For love was poured out into my heart...
May I start with a great big thank you? Your response to my last post humbled me. It gives me hope and strength knowing that I'm not the only one feeling these emotions and battling these insecurities.
Please know that I'm praying for every one of you who reached out via email, social media or by leaving a comment, because together with God's help, we can transform our lives into something beautiful and filled with purpose.
And because God is the reader of our hearts and minds, He's been working on my heart this weekend during a church conference in Nebraska. Each church service was so incredibly blessed, because the presence of God could truly be felt - like every bone in my body seemed to melt, my hands shook and my heart was so humbled, soothed and encouraged, I left a bit more encouraged and filled with so much hope.
Now hope does not disappoint, because the love of God has been poured out in our hearts by the Holy Spirit who was given to us. //Romans 5:5
This verse was read at one of the services this weekend and it's been haunting my mind since. I love the promise it holds and the phrasing is like balm on an open wound.
The love of God has been poured out in our hearts....Lately, I've been praying about Godly love for myself and the people in my life. I have human love for my family and friends, but it's not the unconditional love that Jesus bestowed on the people while He was on this Earth.

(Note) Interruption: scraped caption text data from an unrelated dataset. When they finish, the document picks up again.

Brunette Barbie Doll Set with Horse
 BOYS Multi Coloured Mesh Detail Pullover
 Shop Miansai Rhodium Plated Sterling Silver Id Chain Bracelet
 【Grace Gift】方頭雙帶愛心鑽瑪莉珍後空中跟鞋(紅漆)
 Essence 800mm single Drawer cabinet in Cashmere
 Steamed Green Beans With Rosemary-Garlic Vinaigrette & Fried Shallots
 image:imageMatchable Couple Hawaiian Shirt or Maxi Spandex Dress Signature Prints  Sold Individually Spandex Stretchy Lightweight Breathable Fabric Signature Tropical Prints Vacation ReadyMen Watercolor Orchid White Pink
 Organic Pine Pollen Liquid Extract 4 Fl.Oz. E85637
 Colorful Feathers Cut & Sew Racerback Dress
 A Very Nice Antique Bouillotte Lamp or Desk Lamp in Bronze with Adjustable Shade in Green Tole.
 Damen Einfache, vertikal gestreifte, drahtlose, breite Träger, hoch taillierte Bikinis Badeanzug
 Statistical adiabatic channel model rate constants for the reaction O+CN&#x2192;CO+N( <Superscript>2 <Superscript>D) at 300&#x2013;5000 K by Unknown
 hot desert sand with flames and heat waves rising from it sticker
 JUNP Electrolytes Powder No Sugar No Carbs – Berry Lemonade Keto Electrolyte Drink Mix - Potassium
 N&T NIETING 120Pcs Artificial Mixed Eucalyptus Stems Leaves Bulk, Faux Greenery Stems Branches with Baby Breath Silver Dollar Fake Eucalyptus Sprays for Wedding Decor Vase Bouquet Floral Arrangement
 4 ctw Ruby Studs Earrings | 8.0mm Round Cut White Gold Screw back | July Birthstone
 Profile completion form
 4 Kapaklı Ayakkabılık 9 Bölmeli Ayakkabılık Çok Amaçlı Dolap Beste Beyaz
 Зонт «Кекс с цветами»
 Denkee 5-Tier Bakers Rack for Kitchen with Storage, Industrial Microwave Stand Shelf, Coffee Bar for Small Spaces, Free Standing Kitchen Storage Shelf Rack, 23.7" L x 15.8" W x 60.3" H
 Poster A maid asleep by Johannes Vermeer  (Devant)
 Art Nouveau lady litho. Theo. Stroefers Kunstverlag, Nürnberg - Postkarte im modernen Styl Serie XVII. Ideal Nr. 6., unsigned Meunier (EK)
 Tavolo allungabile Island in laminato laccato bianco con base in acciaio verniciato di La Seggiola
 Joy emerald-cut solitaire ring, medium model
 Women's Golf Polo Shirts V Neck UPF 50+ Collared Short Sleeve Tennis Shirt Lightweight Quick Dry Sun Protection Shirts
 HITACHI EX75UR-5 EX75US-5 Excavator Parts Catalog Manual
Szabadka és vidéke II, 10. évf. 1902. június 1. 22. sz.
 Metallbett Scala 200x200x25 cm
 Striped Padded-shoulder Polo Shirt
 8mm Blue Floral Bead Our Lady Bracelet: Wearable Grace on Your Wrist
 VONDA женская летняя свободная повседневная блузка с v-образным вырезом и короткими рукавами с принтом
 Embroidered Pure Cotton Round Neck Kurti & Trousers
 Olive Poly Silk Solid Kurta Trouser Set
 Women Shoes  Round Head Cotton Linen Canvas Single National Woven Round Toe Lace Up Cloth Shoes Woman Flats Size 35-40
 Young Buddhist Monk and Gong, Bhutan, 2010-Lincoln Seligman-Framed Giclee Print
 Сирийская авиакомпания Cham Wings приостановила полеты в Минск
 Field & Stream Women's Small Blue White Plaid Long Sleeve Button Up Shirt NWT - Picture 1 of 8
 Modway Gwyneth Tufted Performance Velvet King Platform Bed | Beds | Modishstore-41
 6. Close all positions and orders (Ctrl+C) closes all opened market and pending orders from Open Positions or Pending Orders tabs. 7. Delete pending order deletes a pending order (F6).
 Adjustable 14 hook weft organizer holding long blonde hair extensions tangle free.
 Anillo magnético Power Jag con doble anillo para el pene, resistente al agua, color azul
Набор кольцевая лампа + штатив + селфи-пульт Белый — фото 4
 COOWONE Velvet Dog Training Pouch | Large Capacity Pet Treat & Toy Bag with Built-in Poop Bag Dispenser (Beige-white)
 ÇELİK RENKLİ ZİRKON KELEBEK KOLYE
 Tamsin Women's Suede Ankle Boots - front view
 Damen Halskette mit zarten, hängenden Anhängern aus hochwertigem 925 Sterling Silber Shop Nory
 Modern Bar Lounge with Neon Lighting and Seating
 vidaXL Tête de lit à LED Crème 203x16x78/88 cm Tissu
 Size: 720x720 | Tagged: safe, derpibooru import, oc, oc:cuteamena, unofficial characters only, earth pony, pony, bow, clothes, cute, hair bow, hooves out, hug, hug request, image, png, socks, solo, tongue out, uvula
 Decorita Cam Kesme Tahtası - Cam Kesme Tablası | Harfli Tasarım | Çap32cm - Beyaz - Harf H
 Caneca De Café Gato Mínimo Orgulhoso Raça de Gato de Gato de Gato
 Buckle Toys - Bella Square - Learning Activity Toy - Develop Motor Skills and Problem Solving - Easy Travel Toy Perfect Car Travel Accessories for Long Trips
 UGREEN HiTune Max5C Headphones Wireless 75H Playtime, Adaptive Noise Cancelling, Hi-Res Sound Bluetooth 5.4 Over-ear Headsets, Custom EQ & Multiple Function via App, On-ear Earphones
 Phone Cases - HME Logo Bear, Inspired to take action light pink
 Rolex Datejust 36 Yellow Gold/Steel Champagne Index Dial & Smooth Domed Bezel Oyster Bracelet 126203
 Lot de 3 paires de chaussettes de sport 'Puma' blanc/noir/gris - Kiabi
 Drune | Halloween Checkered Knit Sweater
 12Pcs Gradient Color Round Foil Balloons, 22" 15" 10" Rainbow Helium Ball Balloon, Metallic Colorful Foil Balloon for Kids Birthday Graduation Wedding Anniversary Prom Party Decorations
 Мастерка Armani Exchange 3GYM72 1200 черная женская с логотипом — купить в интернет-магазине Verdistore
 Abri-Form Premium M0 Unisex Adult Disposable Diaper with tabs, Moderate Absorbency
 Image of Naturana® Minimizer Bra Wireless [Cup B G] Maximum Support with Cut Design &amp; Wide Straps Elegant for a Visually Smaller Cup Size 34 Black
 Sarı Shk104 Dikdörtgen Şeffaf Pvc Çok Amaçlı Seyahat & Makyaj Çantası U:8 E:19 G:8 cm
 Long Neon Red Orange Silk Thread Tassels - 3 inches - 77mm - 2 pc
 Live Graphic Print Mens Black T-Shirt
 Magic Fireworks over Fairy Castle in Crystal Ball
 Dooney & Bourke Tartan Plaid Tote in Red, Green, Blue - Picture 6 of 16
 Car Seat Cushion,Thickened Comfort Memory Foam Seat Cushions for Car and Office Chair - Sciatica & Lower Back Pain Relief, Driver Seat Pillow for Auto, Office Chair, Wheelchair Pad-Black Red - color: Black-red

You know the kind... 1 Corinthians Chapter 13 kind of love - long-suffering and kind; a love that does not envy, parade itself or behave rudely; a love that does not seek its own, is not provoked, thinks no evil and rejoices in truth, not iniquity; this love bears, believes, hopes and endures all things; and above all, it never fails - even when everything vanishes away - love remains.
It's not a romantic love, but a deeply rooted, Christ-like love for yourself, your friends and even your enemies and strangers passing by. And I've learned this kind of love can't be achieved by human methods or ambitions, because it's a love from above. So I've been asking God for it - over and over again.
And His reply astounded me - it's already there. It's been poured out in my heart - generously and in abundance; it's the Holy Spirit, and all I have to do is let go of me and let Him live out my life.
I don't need to force it or learn it somehow, I just have to love. I need to open my heart and let it pour out into the lives of the people I see and speak to every day. It's as simple as seeing someone and thinking....
"God loves this person so much, He sent His only beloved son to die on the cross for him/her. And because His love has been poured out into my heart, I also love this person so much that his/her struggles and dreams are my struggles and dreams. I am in this moment to bless this person by helping him/her carry life's burdens and share his/her happiness."
And you know what? This hope, this love, it doesn't disappoint, because it has been poured out from above.
Have a blessed Monday, lovelies and let the love pour into every nook and cranny of your life.